Fingerprint scanners. We saw them first on notebooks, its hard to believe, commercial notebooks 10 years ago. I remember mine, and how great it was that my notebook was totally secure, because no one had my fingerprint.
All I had to do was swipe, and of course, that long ago, they never worked consistently. Today fingerprint scanners have become common on cell phones, both Apple and Android. There’s an irony though in the assumption that your fingerprint makes your information more secure.
The truth is, if you have a passcode, law enforcement cannot compel you to reveal your passcode under your rights as laid out in the 5th Amendment. Your fingerprint does not enjoy the same rights.
“The Fifth Amendment protects individuals against saying anything, testimony or statements, that could incriminate themselves,” says Paul Bond, who is also a partner at Reed Smith. “While it protects information, it does not shield physical things in the world available for production. Making the key to your information a physical key or biometric identifier is putting it in the realm of police power to produce.”

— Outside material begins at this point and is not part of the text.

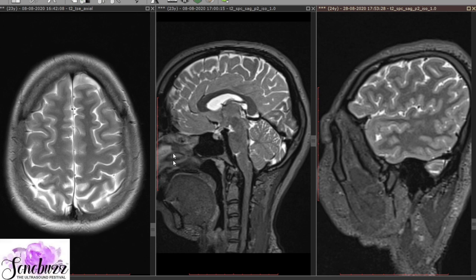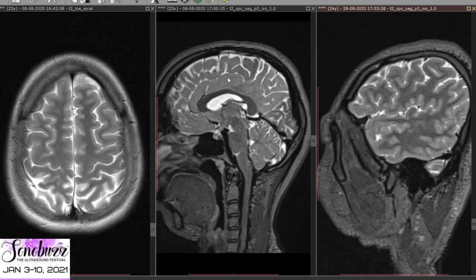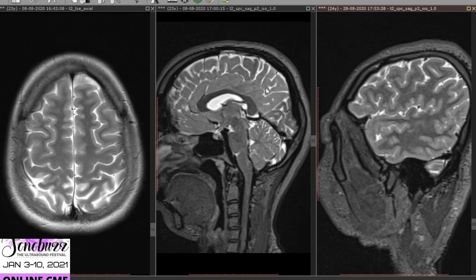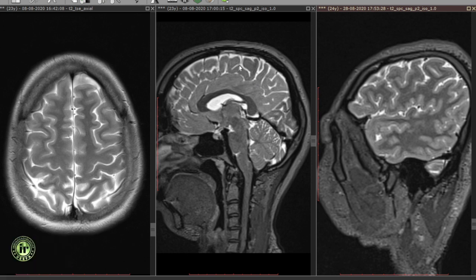Let us start by having a look at the cerebral hemispheres. The cerebral hemispheres lie above the tentorium cerebelli and are conventionally divided into the frontal, parietal, occipital and temporal lobes by the various sulci and fissures.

A recent trial in Los Angeles had a woman forced to put her finger to her iphone screen to unlock it. Her boyfriend was allegedly a gangbanger, and there was allegedly information on the phone that would incriminate him. We can’t speak to the merits of the case, but it is the first time ever that a suspect has been forced to unlock their iphone with their fingerprint. Had she used a passcode, she would have been protected under the first amendment.
This has significant ramifications for tech companies that use fingerprints for access to corporate data to keep their data more secure. Once an employee uses a fingerprint, or retinal scan to access company resources, it would appear that those resources are no longer protected under the fifth amendment, and are fair game for law enforcement.
While this has not been put thoroughly to the test, and so far, there has only been the first case in Los Angeles, we would urge some of our clients and friends to think twice about how private they want their data, corporate or personal. If that data is proprietary, and its privacy critical to your competitiveness, perhaps its not yet time to jump on the biometrics bandwagon. Perhaps, old fashioned passwords are good to hang on to for a while, until these issues work their way through the court systems.